W naszych przedświątecznych rozważaniach z książką "Dobra Nowina o Wielkiej Radości" docieramy do miejsca, w którym warto i trzeba pomyśleć o prawdziwości naszej wiary w Jezusa Chrystusa. Niektórzy bowiem łudzą się, że są chrześcijanami, podczas gdy faktycznie nimi nie są. Ci, którzy należą do Chrystusa Jezusa, ukrzyżowali ciało swoje wraz z namiętnościami i żądzami. Jeśli według Ducha żyjemy, według Ducha też postępujmy [Ga 5,24-25]. Jeśli widzimy, że nie umarliśmy dla grzechu, to chociaż już wyznaliśmy wiarę w Jezusa i polały się nam łzy pokuty, chociaż przyjęliśmy chrzest i wiele już zmieniło się w naszym życiu - to jednak wciąż przed nami konieczność wzięcia krzyża, aby grzeszne ciało zostało unicestwione, byśmy już nadal nie służyli grzechowi; kto bowiem umarł, uwolniony jest od grzechu [Rz 6,6-7].

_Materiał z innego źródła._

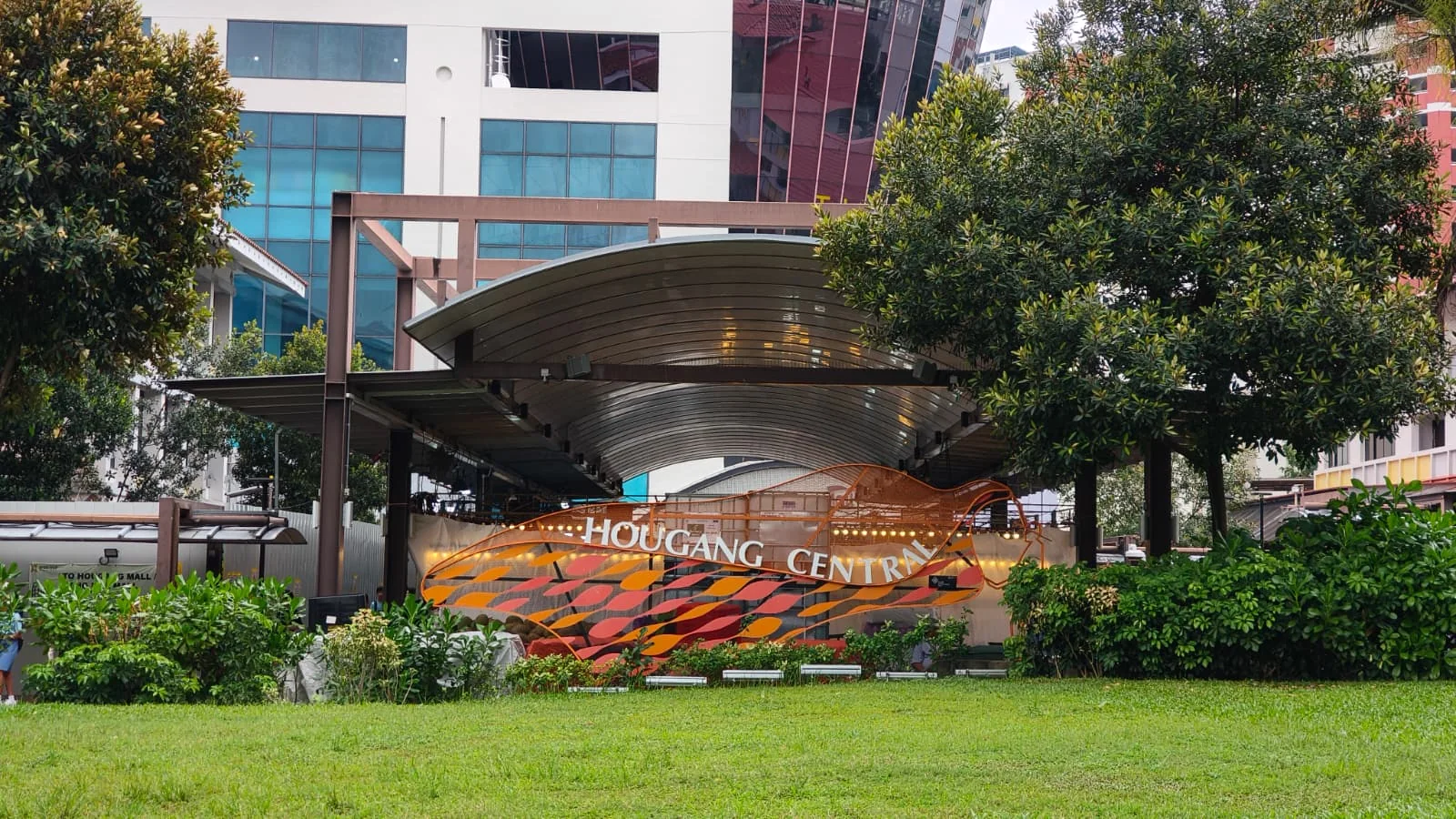 Hougang Central neighbourhood sign and landscaped area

Prawdziwość naszego chrześcijaństwa poznajemy po tym, że w środku, w sercu, jesteśmy całkowicie odmienieni, że jesteśmy rozmiłowani w Jezusie Chrystusie, że się przestrzega przykazań Jego, a przykazania Jego nie są uciążliwe [1Jn 5,3]. I dam wam serce nowe, i ducha nowego dam do waszego wnętrza, i usunę z waszego ciała serce kamienne, a dam wam serce mięsiste. Mojego ducha dam do waszego wnętrza i uczynię, że będziecie postępować według moich przykazań, moich praw będziecie przestrzegać i wykonywać je [Ez 36,26-27].

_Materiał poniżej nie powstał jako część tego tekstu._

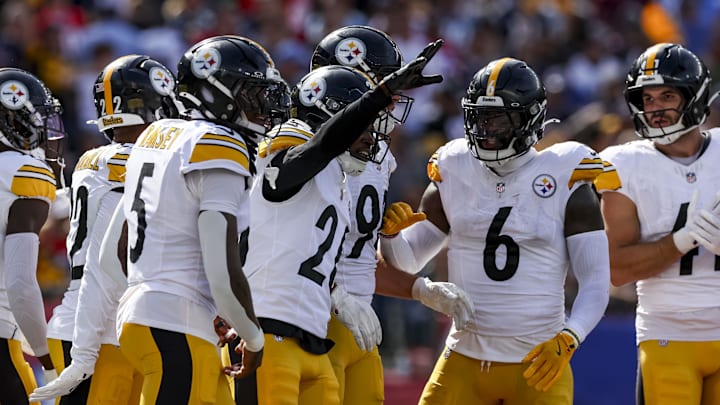 Sep 21, 2025; Foxborough, Massachusetts, USA; Pittsburgh Steelers cornerback Brandin Echols (26) celebrates after an interception during the second quarter at Gillette Stadium. Mandatory Credit: Paul Rutherford-Imagn Images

Niech tegoroczne świętowanie narodzin Jezusa Chrystusa zostanie w naszym życiu powiązane z całkowitym odwróceniem się od grzechu. Syn Boży przyszedł, aby uczynić to prawdziwym dla swojego ludu. Prośmy, aby prawdę o wolności od grzechu Duch Święty objawił nam w pełni i głęboko zapisał w duszy. Uwierzmy w to z całego serca. Gdy w tej wolności zasiądziemy do świątecznych stołów, to z pewnością sprawimy Panu radość.